● **Exercise requirements**:
Everything from the line with "Автомобиль Chevrolet Lacetti хэтчбек фото" to the last line of the listing must be retyped exactly, both ends included, with the pictures dropped.

● **Data shown**:

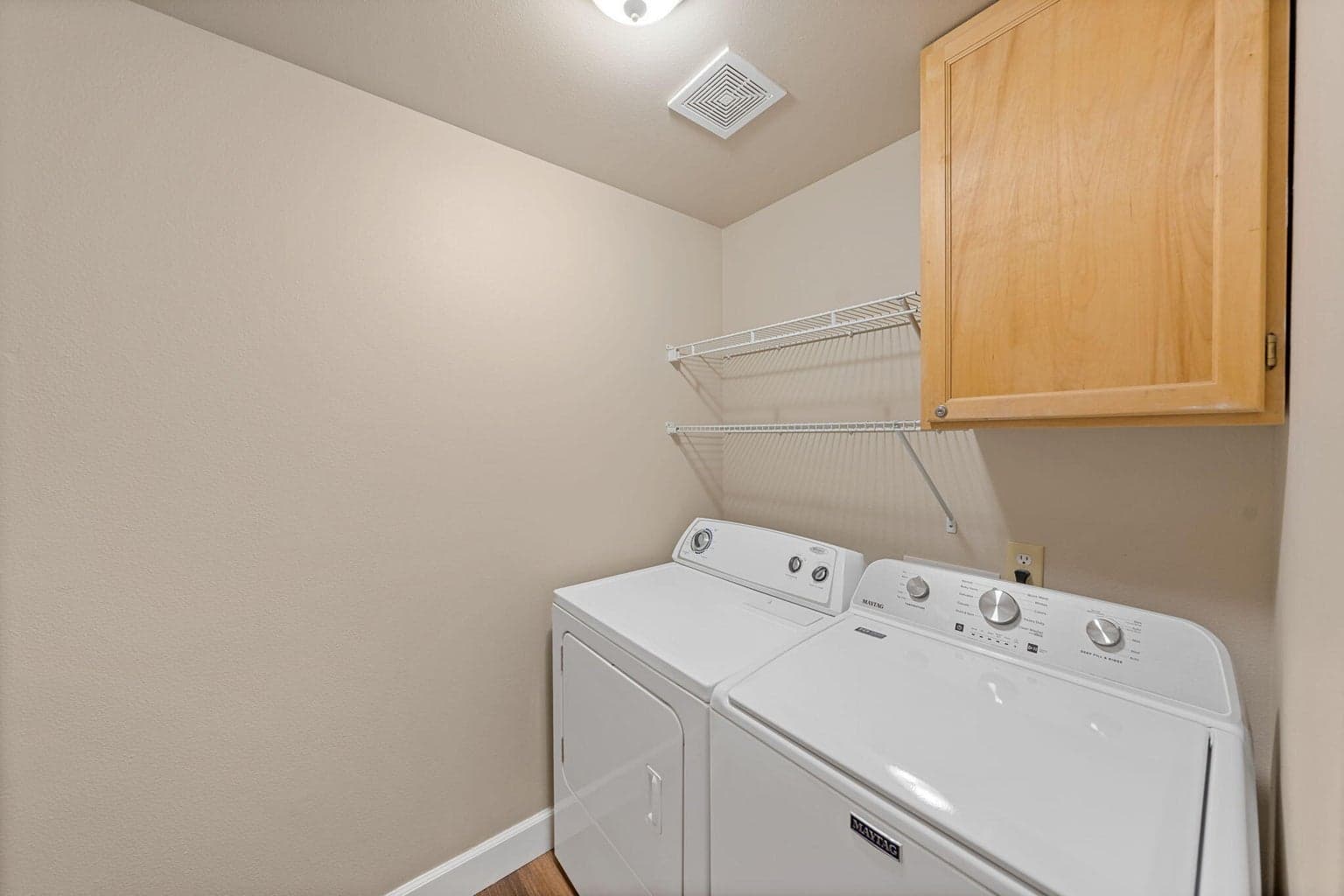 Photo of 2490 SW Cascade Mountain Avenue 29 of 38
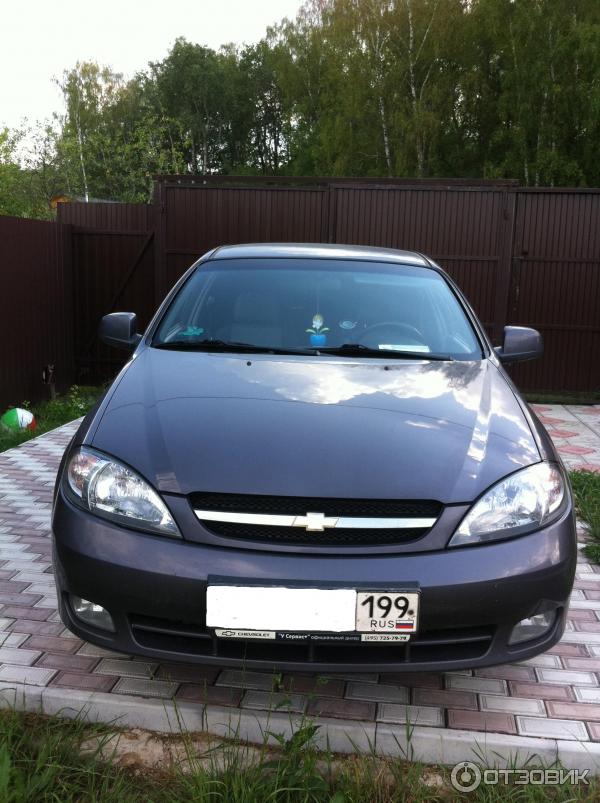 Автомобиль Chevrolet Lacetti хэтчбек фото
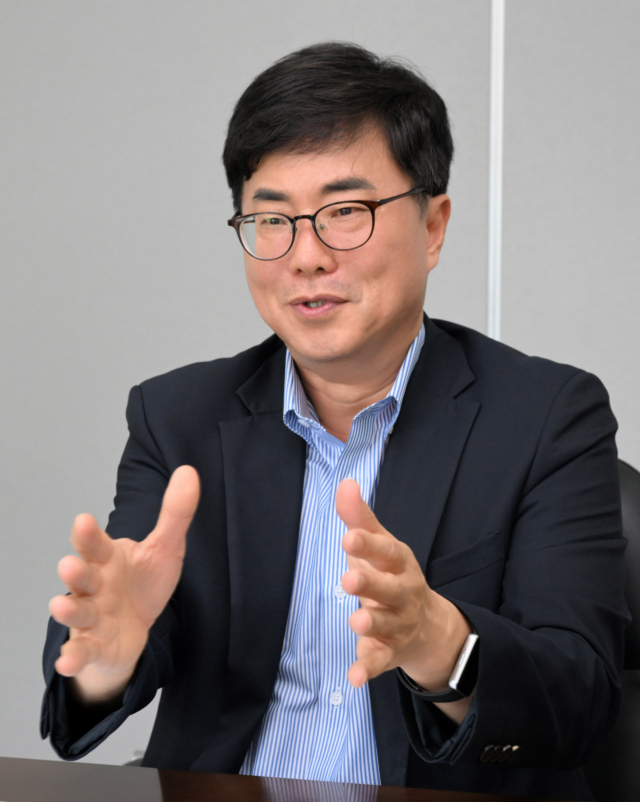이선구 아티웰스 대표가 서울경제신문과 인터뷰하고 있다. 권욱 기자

● **Answer space**:
 Автомобиль Chevrolet Lacetti хэтчбек фото
이선구 아티웰스 대표가 서울경제신문과 인터뷰하고 있다. 권욱 기자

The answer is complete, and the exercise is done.